• Information supplied
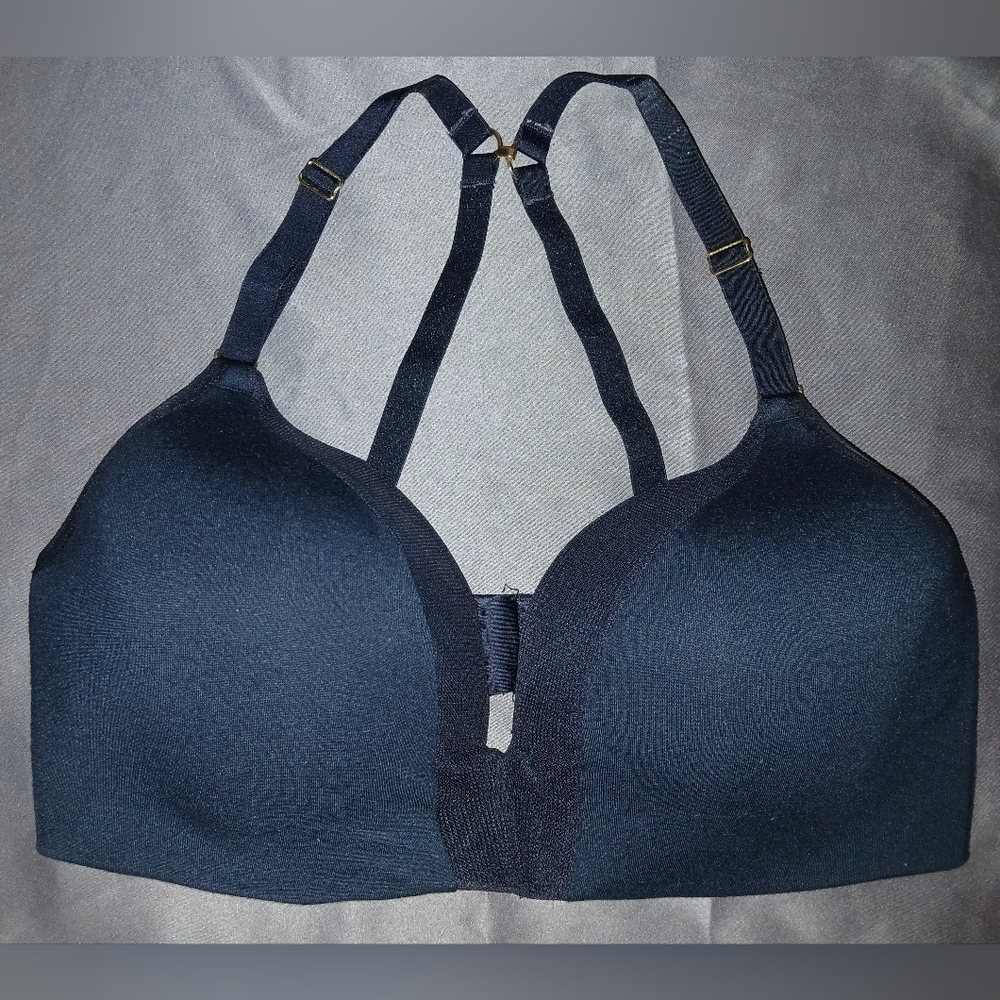 All. You. LIVELY Black WIRELESS RN 149969 Lightly padded Sz 36D Multi Way
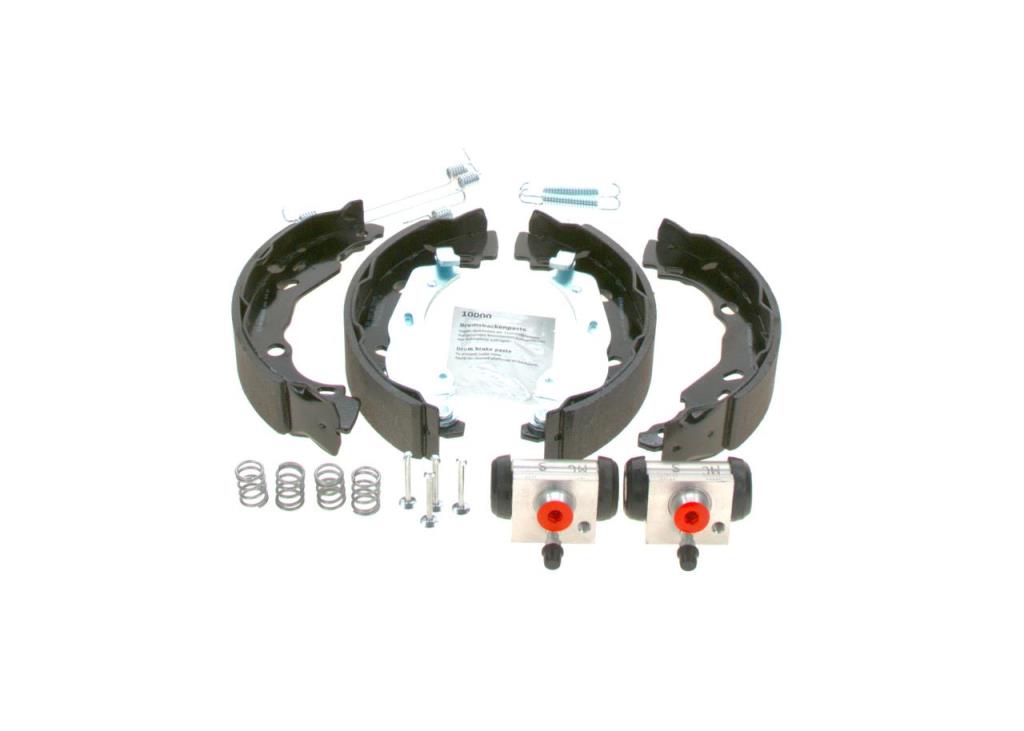 Kit de freins à tambours (Kit de frein arrière) BOSCH ref. 0 204 113 752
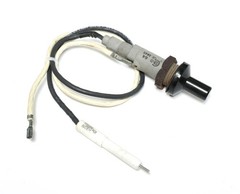 CHANNEL PRODUCTS 1244, Pushbutton Igniter, 1″ OD, for 3/4″ Hole, Threaded w/Nut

• What is expected
When you retype the material above, keep every word exact and drop the images.

• Result of the task
 All. You. LIVELY Black WIRELESS RN 149969 Lightly padded Sz 36D Multi Way
 Kit de freins à tambours (Kit de frein arrière) BOSCH ref. 0 204 113 752
 CHANNEL PRODUCTS 1244, Pushbutton Igniter, 1″ OD, for 3/4″ Hole, Threaded w/Nut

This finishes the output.